La réponse est non, car si la manière de construire l’une et l’autre sont très proches, délégation et subsidiarité reposent sur des principes opposés.

Ce qui est commun entre la délégation et la subsidiarité, c’est la volonté d’organiser le partage des rôles et des responsabilités.

Ce qui les distingue, concerne le rapport au pouvoir, notamment chez les dirigeants.

Avec la délégation, on cale le management sur une réalité juridique : le pouvoir est dans les mains de ceux qui ont la responsabilité juridique de l’entreprise même si on organise sa répartition de haut en bas. Pouvoir et responsabilité restent indissociablement liés.

Dans la subsidiarité, celui qui assume la responsabilité juridique ultime considère que par nature, le pouvoir est dans les mains de tous ceux qui agissent, chacun à son niveau.

La délégation

La délégation se construit de haut en bas.

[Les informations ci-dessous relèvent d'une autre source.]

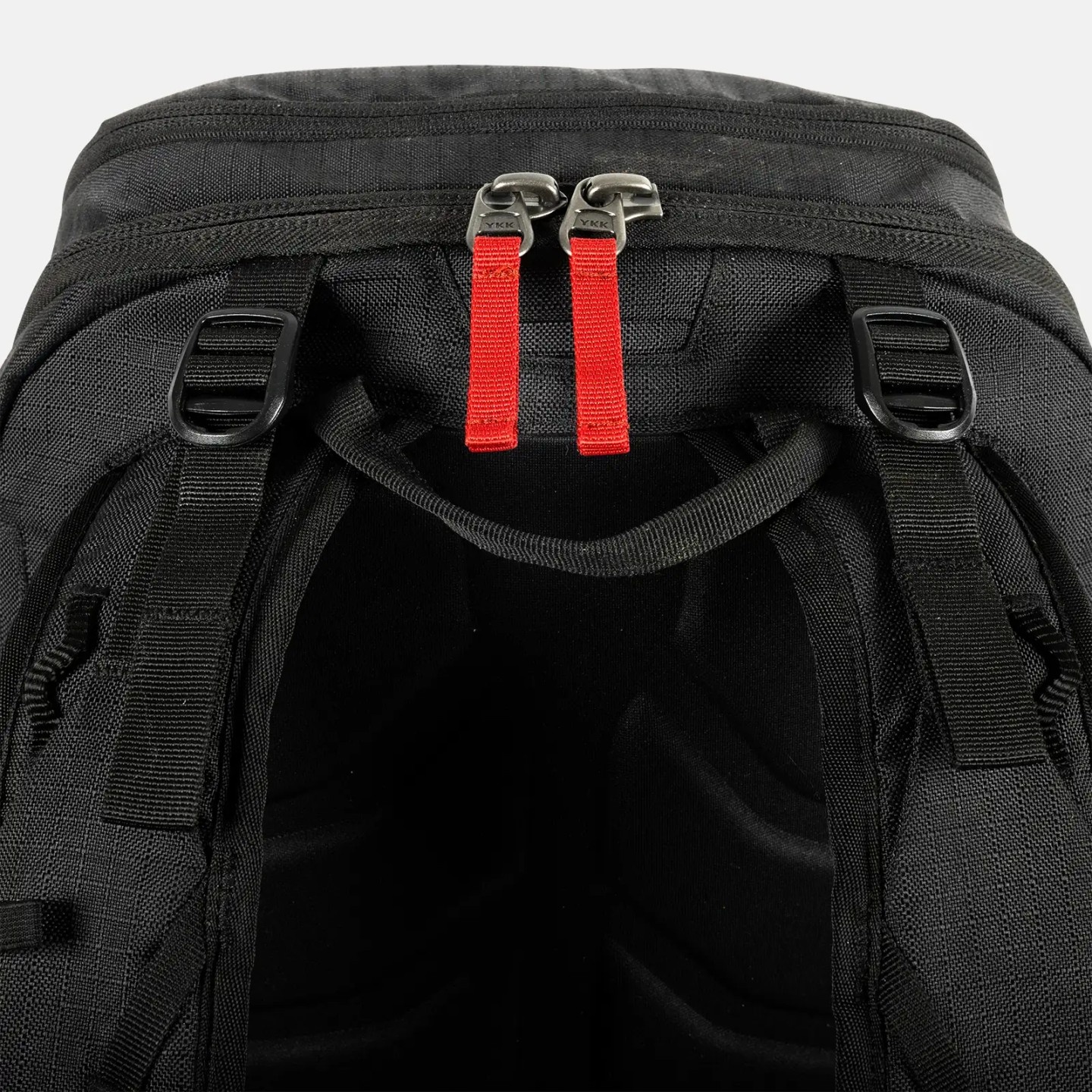 Jones Jones Deeper Backpack Stealth Black 19L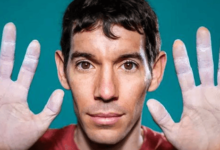 Alex Honnold Net Worth: The Net Worth of Alex Honnold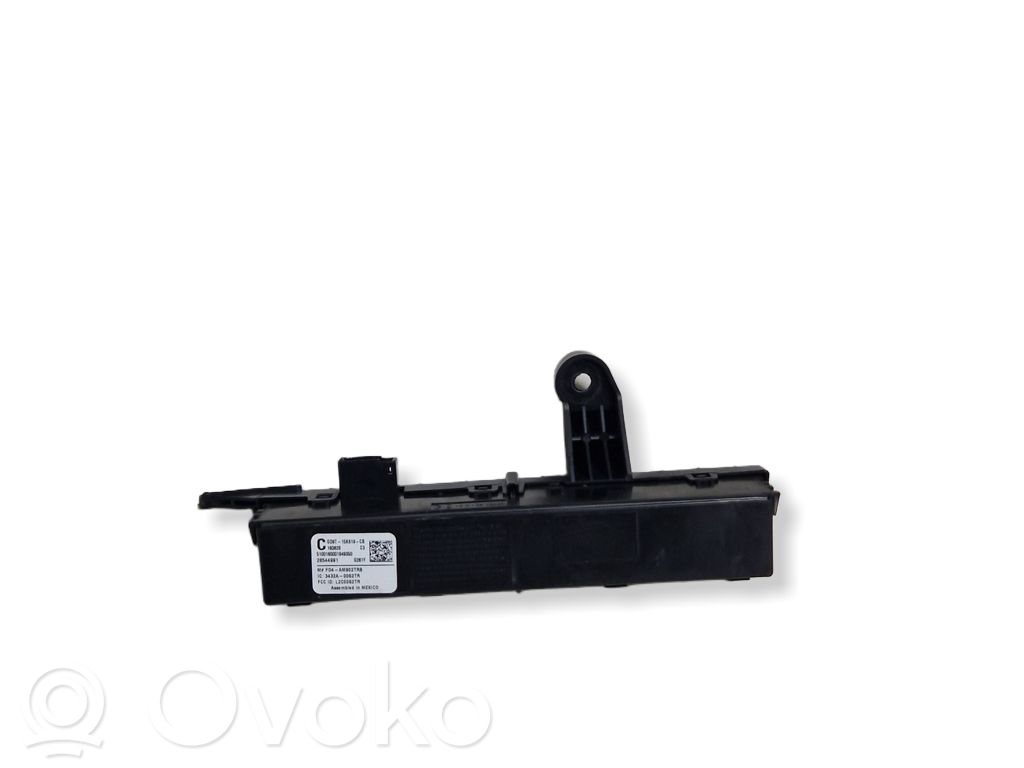 Moduł / Sterownik immobilizera   GD9T15K619CB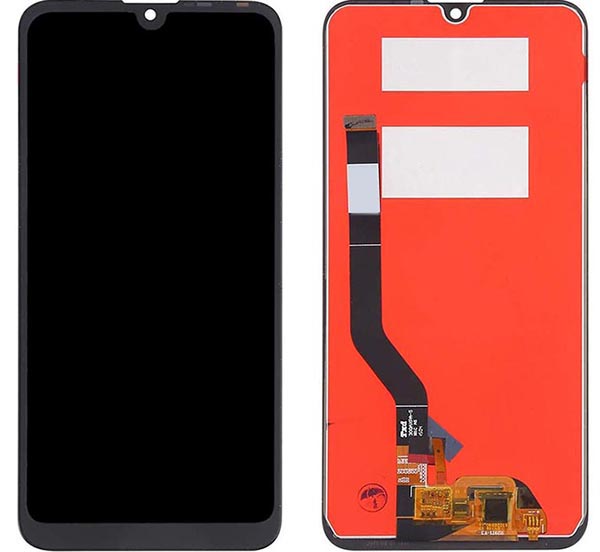 mobiltelefon skärmar Ersättning för HUAWEI Y7-Prime(2019) mobiltelefon skärmar Ersättning för HUAWEI Y7-Prime(2019)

On part de la responsabilité du dirigeant, qui va déléguer ses projets, fonctions et tâches à ses n-1. Ils fixent ensemble des objectifs à atteindre et mettent en place, de façon tacite un contrat de délégation. Les n-1 agissant à leur tour de la même façon vis à vis des n-2. Ce processus se répète de haut en bas de l’organisation de l’entreprise. Chaque échelon hiérarchique apporte son soutien aux échelons subordonnés et attend d’eux un reporting.

 

Le principe de délégation

La subsidiarité

La subsidiarité se construit de bas en haut. On considère que par principe, chaque personne en charge d’une mission confiée dispose de toute la marge d’autonomie pour mener à bien cette mission et donc du pouvoir de décider et d’agir (à condition bien sûr qu’elle soit informée, formée et outillée pour sa mission). Elle dispose de toute la marge d’autonomie…sauf pour des décisions et actions qui pourraient avec un impact sur un périmètre plus large et qui seront donc prises et engagées à un échelon supérieur.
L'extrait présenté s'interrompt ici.